DATASET RECORDS
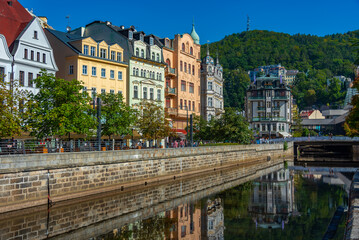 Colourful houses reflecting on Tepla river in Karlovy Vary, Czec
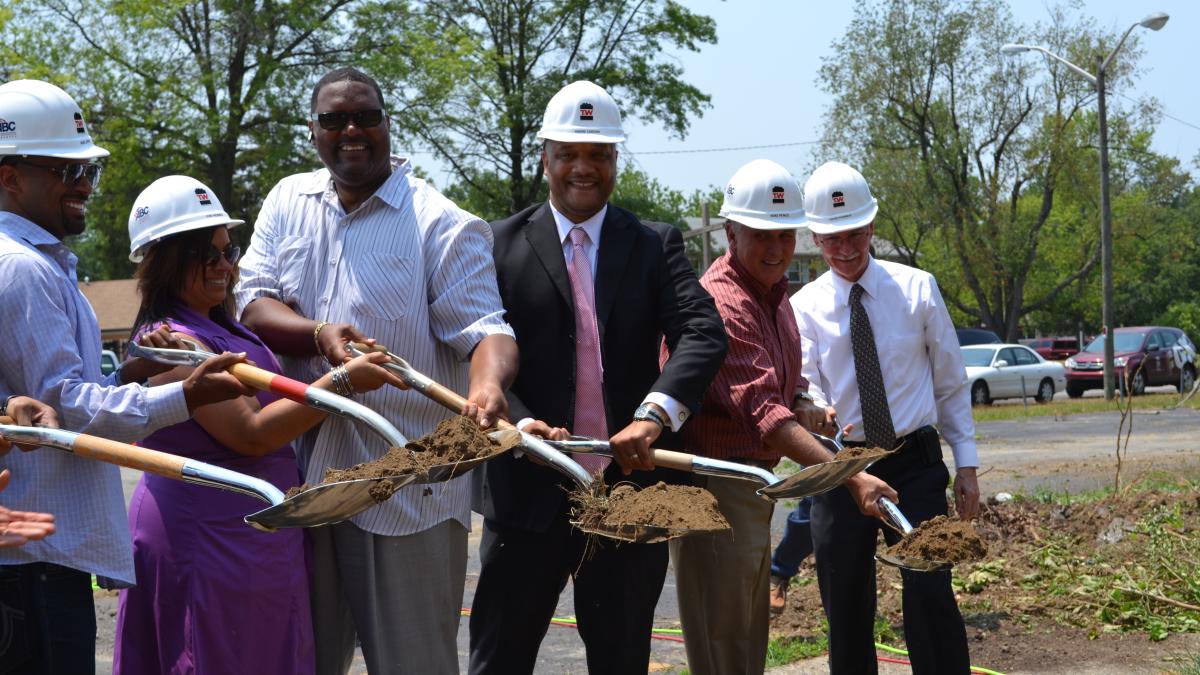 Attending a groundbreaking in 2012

* * *

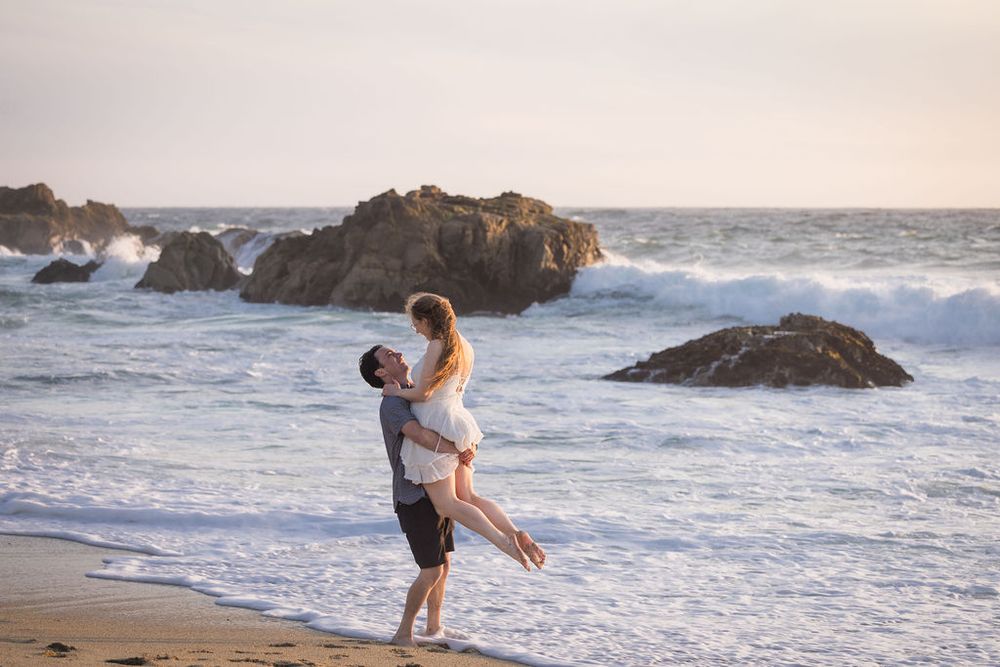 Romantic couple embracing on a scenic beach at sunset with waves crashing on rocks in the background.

WORK TO COMPLETE
Leaving each picture behind, please give again exactly the lines above from the one with "Colourful houses reflecting" through the one with "Attending a groundbreaking in 2012", both included, and no others.

RESULT OF THE TASK
 Colourful houses reflecting on Tepla river in Karlovy Vary, Czec
 Attending a groundbreaking in 2012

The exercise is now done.